While in Franklin I made the 30-mile drive down to Columbia Tennessee where I spent the day visiting the Home of President James K. Polk and visiting the National Confederate Museum.

I enjoyed a personal tour of the only surviving home of President James K. Polk. I was the only visitor and enjoyed the informal nature of the tour.

Just outside of Columbia is the National Confederate Museum. It’s a very interesting museum that has a large number of unique artifacts relating to the Confederacy, including a number of battle flags.

The Museum is also the Final resting place of Confederate General Nathan Bedford Forrest. General


Forest was originally buried in Forrest Park in downtown Memphis Tennessee, But in 2020 the body of the General and his wife were disinterred from their Memphis grave and taken to a secure location while a permanent gravesite could be located and prepared. On September 18, 2021 General Nathan Bedford Forrest and his wife Ann were reinterred on the Grounds of the National Confederate Museum at Elms Springs.

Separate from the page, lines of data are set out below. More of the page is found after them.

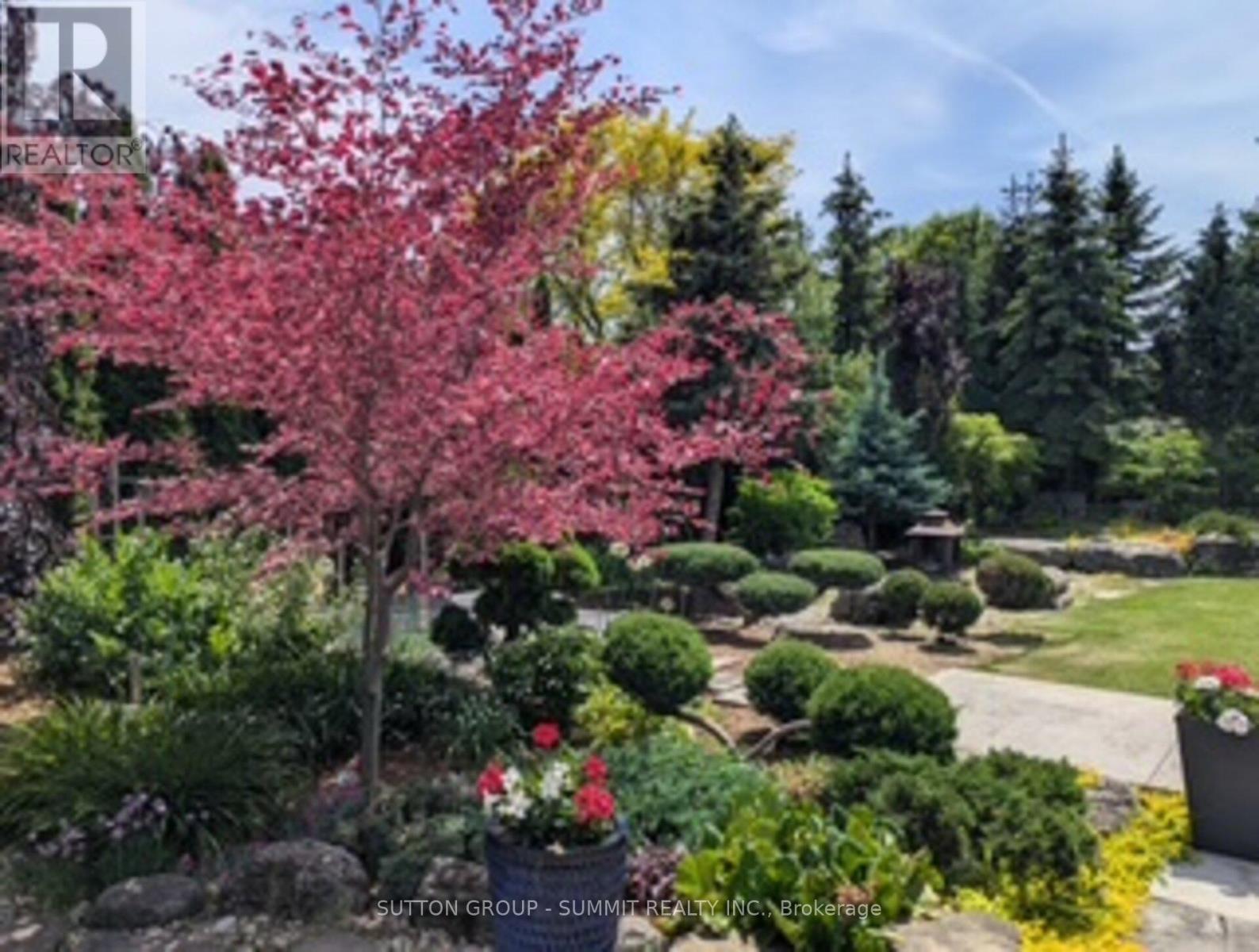 14 Plainsman Road, Mississauga, ON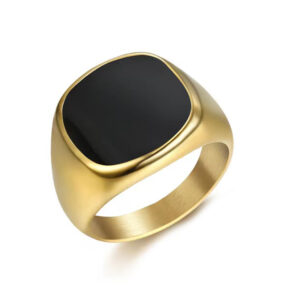 Позолоченный перстень с чёрной вставкой
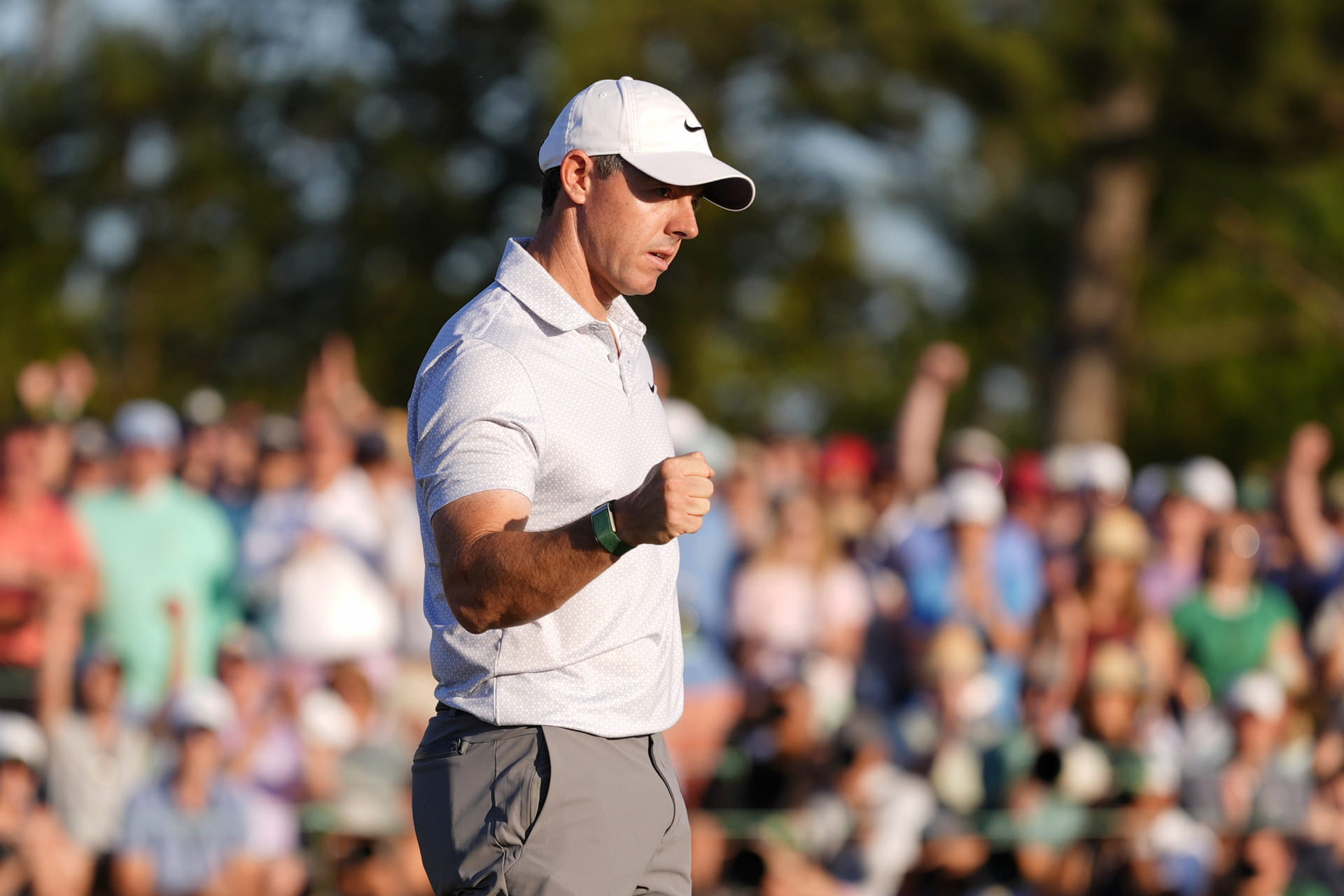How does Rory McIlroy's 2026 Masters start compare to his champion year? Scores and more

Back in Franklin, I had planned on spending the evening and the next day in downtown Nashville. But heavy rain and severe storms were forecast throughout most of Middle Tennessee. So, the next morning I decided to cut my visit to Nashville short and head back east and try and get in front of the weather.

I was for the Most part successful as by the time I arrived at Buc-ees in Cookeville, Tennessee the weather had cleared up enough that I was able to make my way up to the Historic Brushy Mountain Prison.

This was a really interesting place as I spent a little more than two hours taking the self-guided tour of the old prison that once housed James Earl Ray, the Man convicted of kill Martin Luther King, Jr.

I spent the night in Oak Ridge Tennessee before driving home and ending a short but enjoyable weekend trip.

ZOO FUN

JUNE 24-26, 2024


In June, My Niece, Jalynn, her Friend Gracie and I headed down to the Greensboro Area of North Carolina for a little three-day two night vacation. This was a really short but great trip right in our backyard.

On the way down we stopped at the Greensboro Science Center. None of us knew what to expect so our expectations were low. To say we were amazed would be an understatement.  The Science Center is so much more than “science.” It is part science center, part aquarium and part zoo. We had only planned to spend a couple of hours here but ended up spending most of the afternoon.

We spent the night in Asheboro, North and was up early the next morning and arrived at the North Carolina Zoo just a few minutes after it opened. This is a very large natural habitat zoo. When I say it requires a lot of walking, I am not joking.

Being that we were there in Late June the Temperature was in the 90’s which added to the challenge. We spent about 4 hours there and by the time we finished my Fitbit indicated that we had walked over 6-miles.

The girls spent the rest of the afternoon at the hotel pool and I spent it nursing my old knees in my cool hotel room. After a good night’s sleep, we drove home the next day.